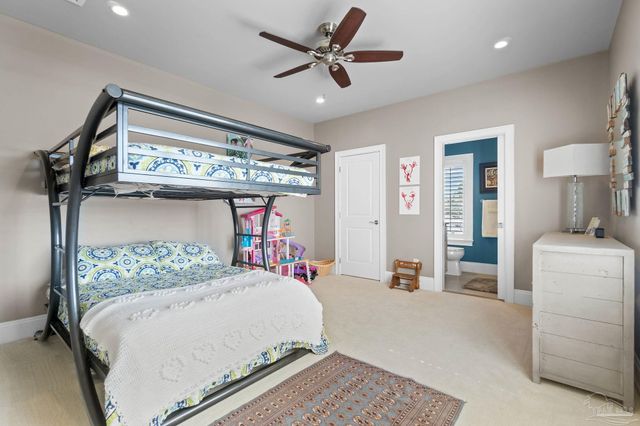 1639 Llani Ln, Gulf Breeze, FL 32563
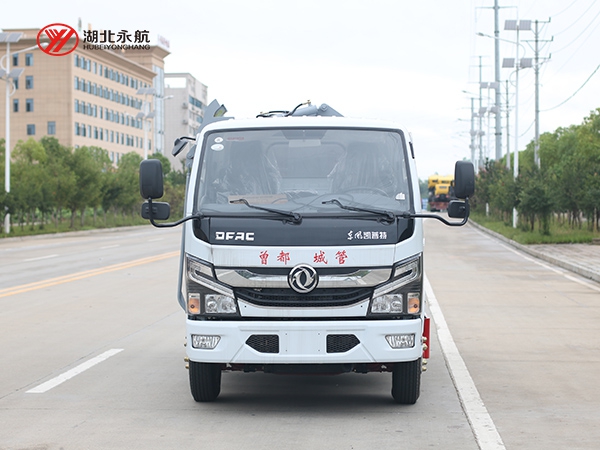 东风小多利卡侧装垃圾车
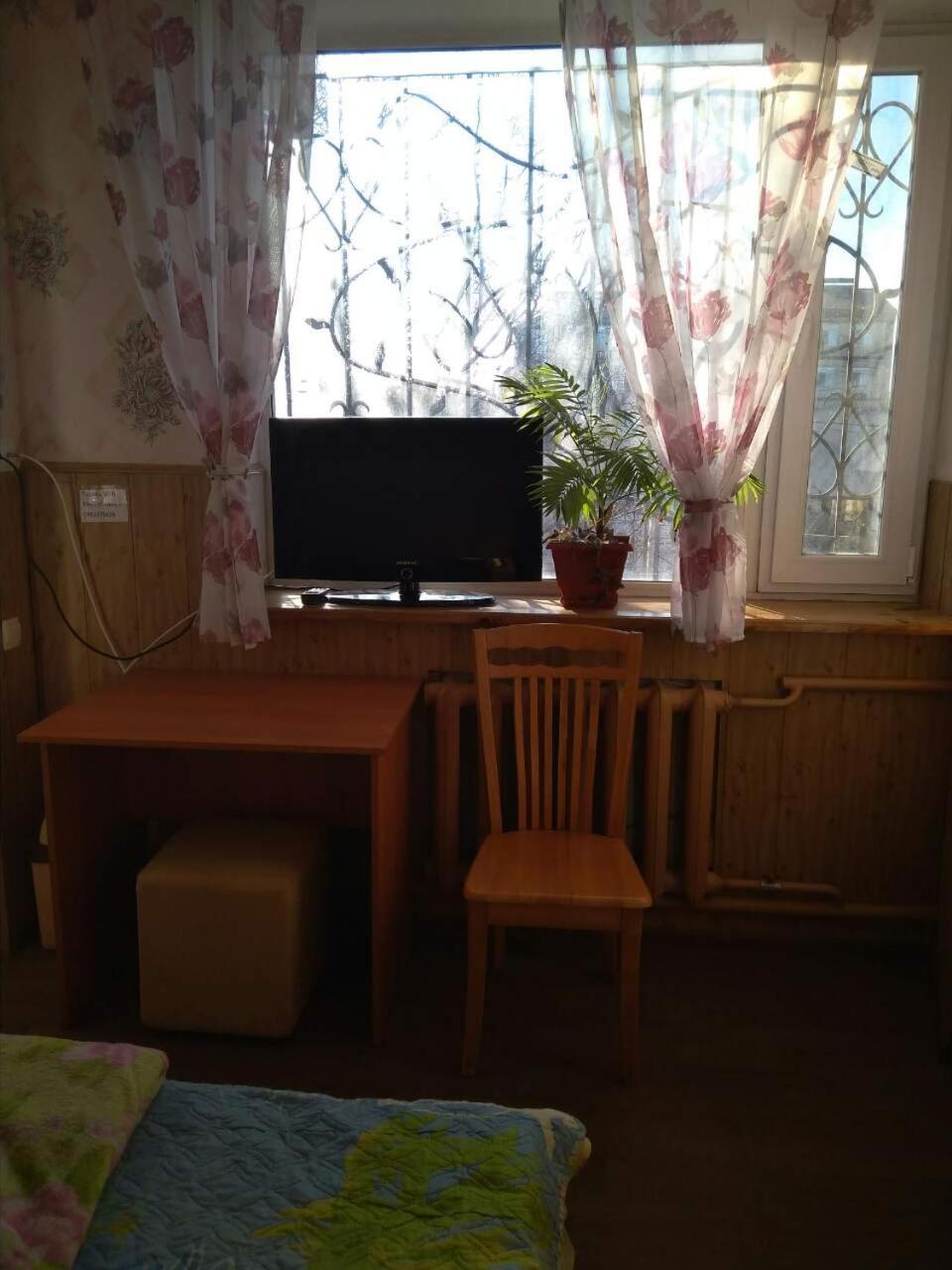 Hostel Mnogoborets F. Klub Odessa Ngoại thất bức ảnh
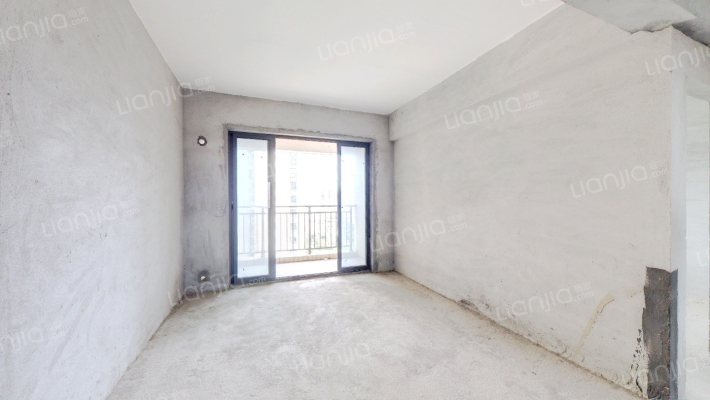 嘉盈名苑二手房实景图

────

Required work: Once the images are set aside, retype all of the material above exactly.

Answer for this exercise:
 1639 Llani Ln, Gulf Breeze, FL 32563
 东风小多利卡侧装垃圾车
 Hostel Mnogoborets F. Klub Odessa Ngoại thất bức ảnh
 嘉盈名苑二手房实景图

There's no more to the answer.